Na primeira de cinco experiências de gravação em locais diferentes o músico leva-nos a um canyon no Utah e revela uma música que sabe escutar aquele lugar.

Temos assistido, nos últimos tempos, a uma interessante abertura de espaços de diálogo entre músicos que, com foco principal de trabalho em espaços da música popular, se apresentam também como autores de música orquestral, instrumental ou para pequenos grupos de câmara, o mesmo acontecendo no sentido oposto, em colaborações vendo figuras com formação e trabalho nos universos da música contemporânea a ensaiar colaborações com gentes do meio pop/rock e suas periferias. Deixou de causar surpresa ver músicos como Johnny Greenwood (dos Radiohead), Richard Reed Parry (Arcade Fire) ou Bryce Dessner (The National) a editar peças suas no catálogo de uma Deutsche Grammophon e, ao mesmo tempo, entrar Nico Muhly a assinar arranjos para os Grizzly Bear e Antony & The Johnsons ou uma voz como a de Joel Frederiksen a gravar versões de canções de Nick Drake na Harmonia Mundi. Andrew Bird há muito que deixou já claro que não esgota as suas visões enquanto compositor nas canções que tem vindo a gravar em discos e a apresentar em concertos pelo mundo fora.

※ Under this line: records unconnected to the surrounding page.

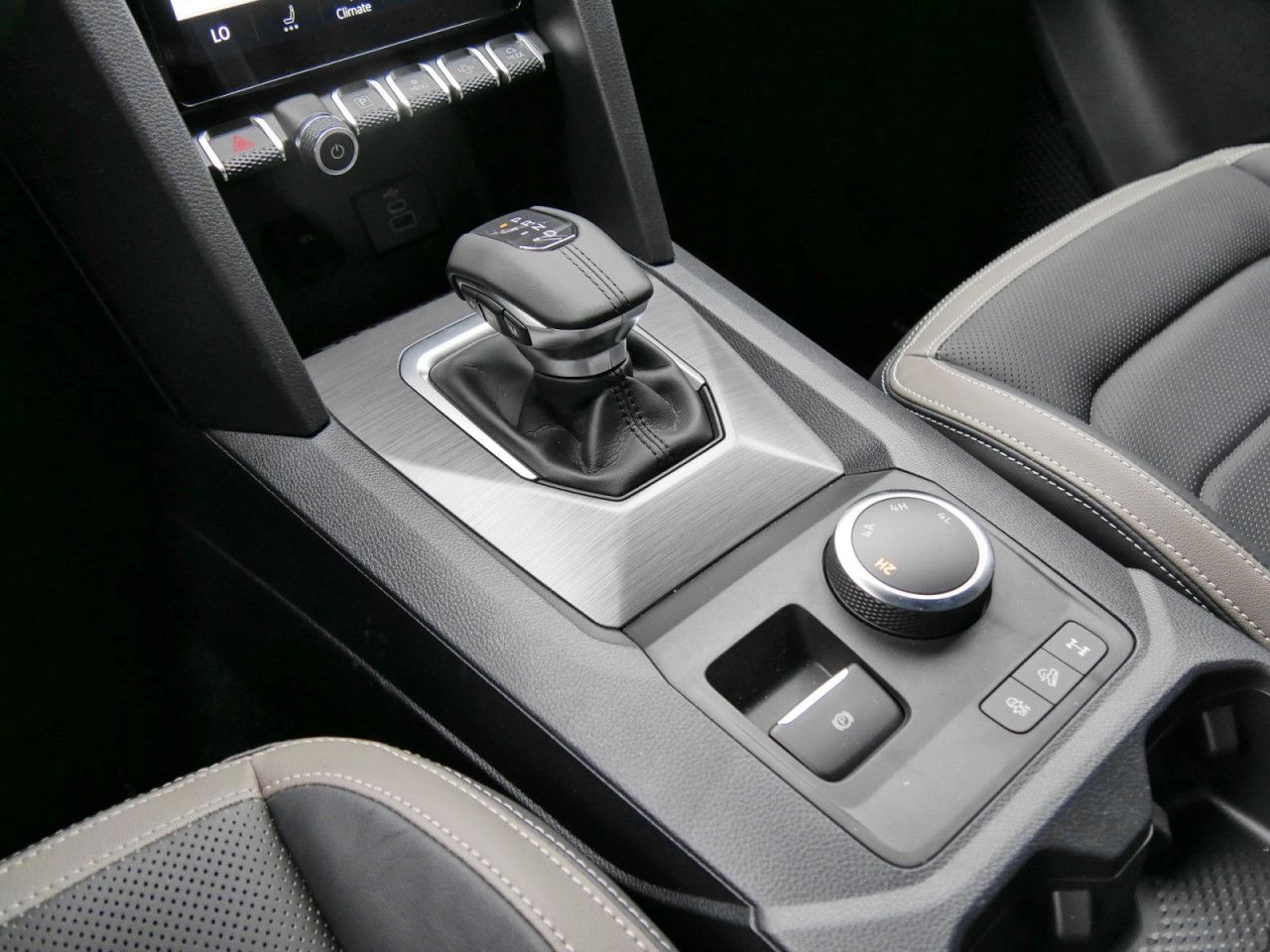 Fahrzeugabbildung Volkswagen Amarok 3.0 TDI Aventura 4Motion Navi LED Klima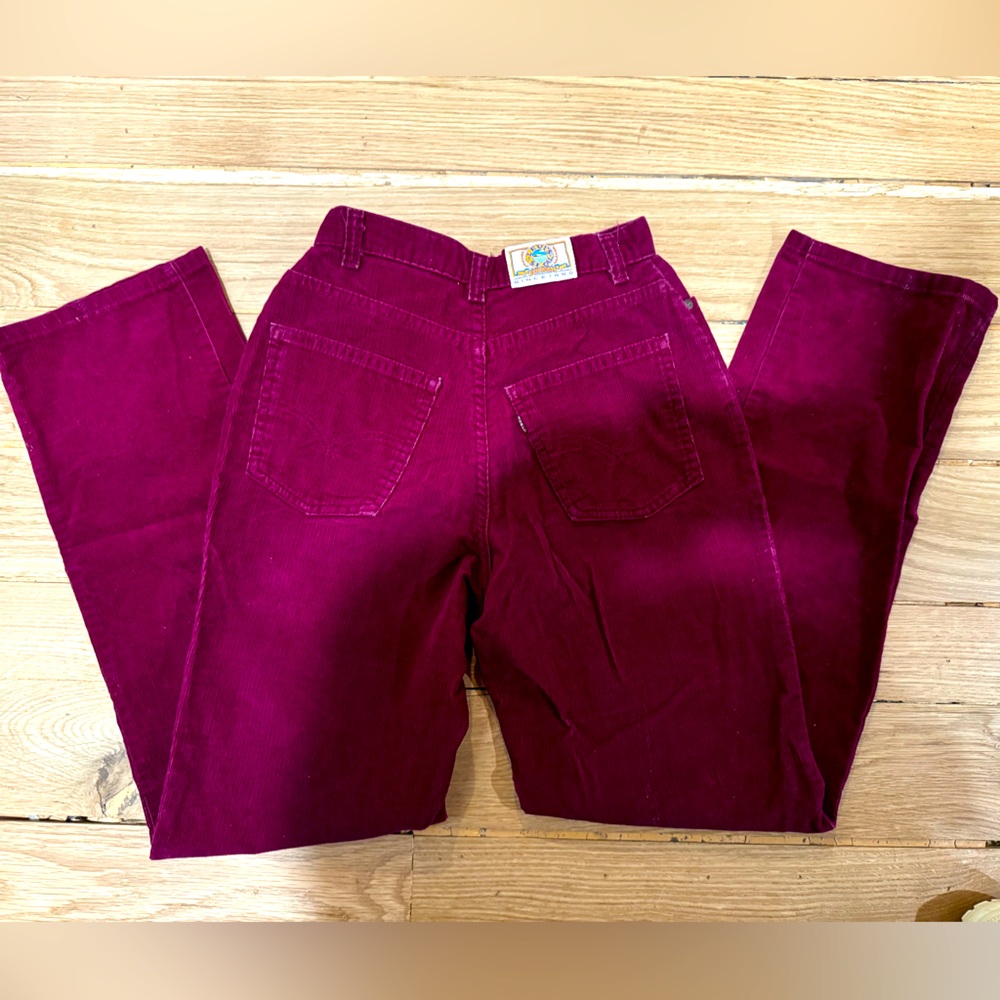 Vintage 80's ladies Levi's Petites burgundy corduroy pants, size 10P.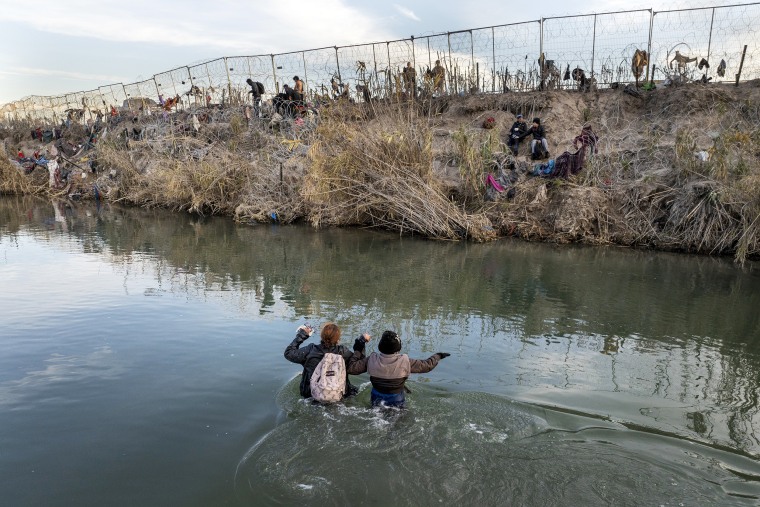 Migrants Continue To Cross Southern Border As Washington Lawmakers Struggle To Find Solution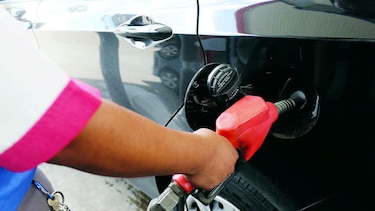 Combustibles registrarían una nueva baja en los precios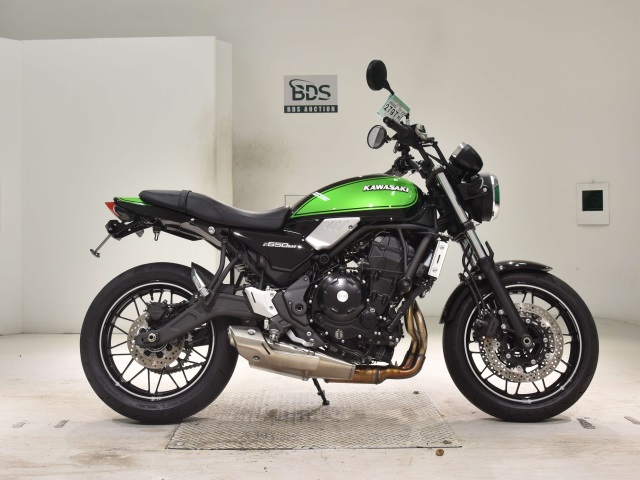 Kawasaki Z650RS 2024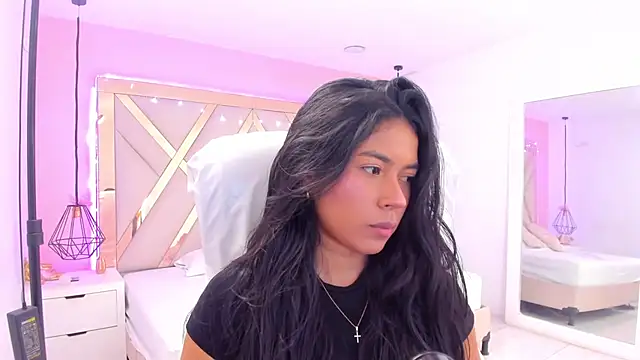 Snapshot of samantaa_shy chatting on 02-26-26, 02:32 samantaa shy online show from 02-26-26, 02:32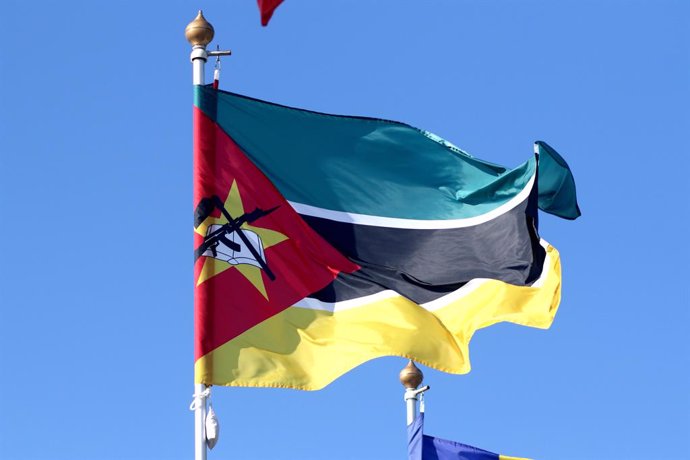 Archivo - June 9, 2024, Saint Petersburg, Russia: The flag of the Republic of Mozambique seen in the gallery of flags of the participating countries in the framework of St. Petersburg International Economic Forum 2024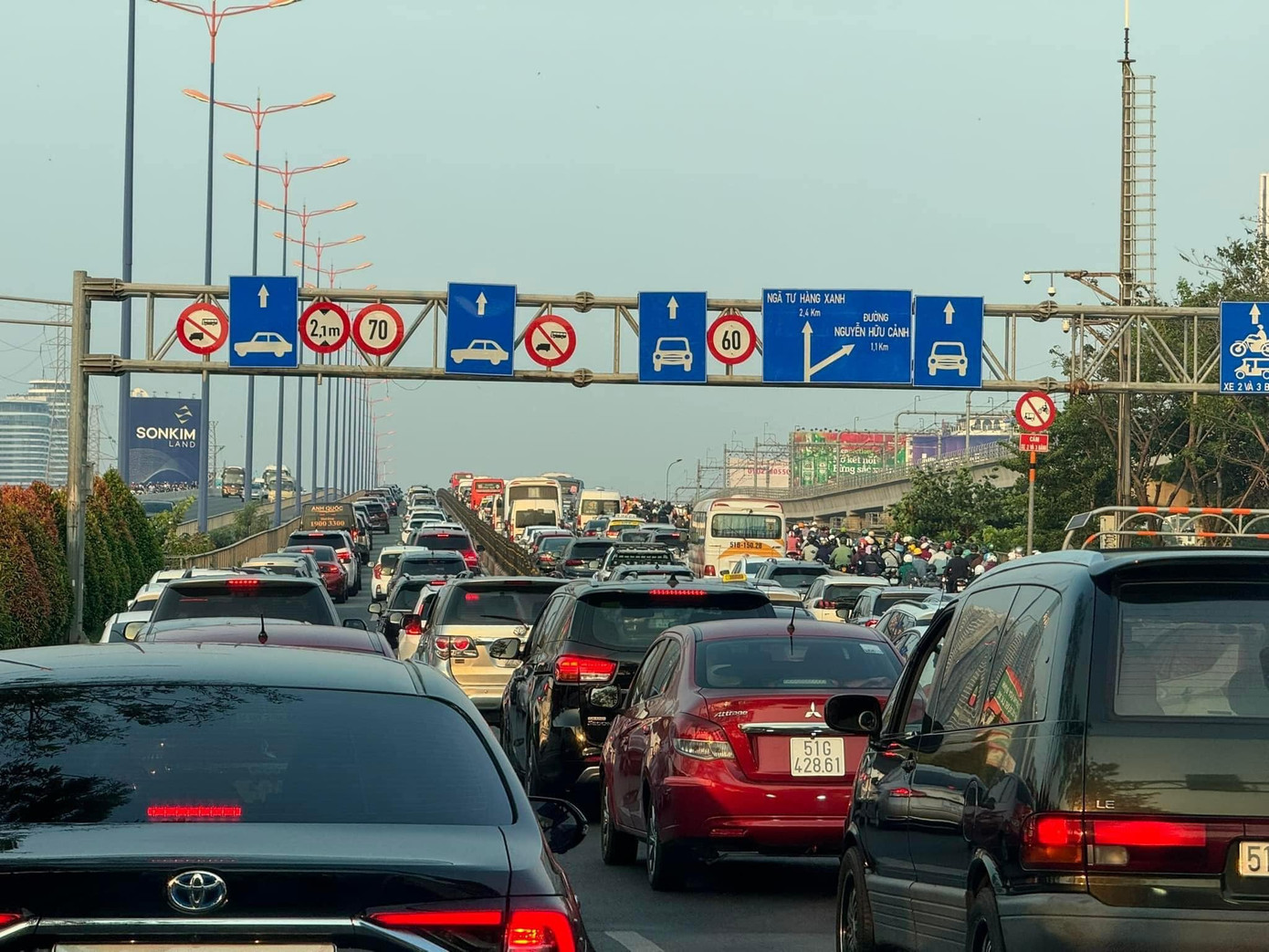 Giao thông qua cầu Sài Gòn, hướng vào trung tâm TPHCM bị ùn ứ cả làn ô tô và xe máy. Ảnh: Sơn Trung.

Em 2009 tinha já editado, como disco companheiro do álbum Noble Beast, um conjunto de peças instrumentais claramente distantes da ordem folk com alma indie que habitualmente conduz a sua música, lançando-as num outro disco (disponível em edição avulso ou em pack conjunto) a que chamou Useless Creatures. Não há desta vez um álbum de canções a servir de ponto de partida para acomodar uma experiência instrumental diferente. Mas Echolocations: Canyon surge de um espaço igualmente capaz de expressar a vontade de não esgotar todas as ideias e anseios criativos na canção. E, de resto, é ao que parece a primeira parte de uma série que o levará a conduzir experiências semelhantes em outros locais.

Para este primeiro episódio de exploração não apenas de formas de composição diferentes – com o seu violino como voz protagonista – Andrew Bird escolheu a rede de canyons conhecida como Coyote Gulch, no Utah. E ali se instalou in loco, montando um sistema de captação de som que lhe permitiu gravar a música, o espaço em volta e a relação do som com o ambiente. O resultado escuta-se num disco para já disponível apenas em plataformas digitais, sendo também a gravação um convite à sua audição numa instalação, num sistema com 36 altifalantes, que esteve patente durante algum tempo numa sala do ICA em Boston, ali apresentada como Sonic Abroteum, e mostrada como o fruto de uma colaboração entre Andrew Bird e Ian Schneller.

Echolocations: Canyon é uma proposta de libertação da música de Andrew Bird para lá das paredes do estúdio e das salas de concerto. Com os canyons, o rio, a areia que faz as margens e o céu que se abre por cima, o violino, o corpo do músico e os espaços em volta definem os acontecimentos. Explorando a composição, o espaço que a inspira e a relação física de um com o outro (mais o músico em cena), Echolocations: Canyon é uma peça em sete partes na qual vemos Andrew Bird por vezes entregue a uma demanda de sensações e cenários – buscando a ideia de soundscape que possa materializar no som a sua vivência daquele local –, noutros momentos aceitando o desejo de seguir a melodia, sem contudo entrar pelos caminhos de maior simplicidade habitualmente associados às tradições da folk. Há claras marcas de identidade aqui e ali, próprias de uma relação sua com o instrumento que conhecemos de tantas canções que nos mostrou já ao vivo e em disco. Mas acima de tudo há aqui a expressão de um desejo de liberdade adiante das formas a que um percurso de cantor o obriga noutras ocasiões. Se virmos o pequeno filme que Tyler Manson rodou no local, durante a gravação, tudo ganha sentido sem a necessidade de convocar muitas mais palavras. E se depois voltarmos a experimentar a música, de olhos fechados, quase estamos lá.

“Echolocations: Canyon”, de Andrew Bird está disponível apenas em plataformas digitais – de download e streaming.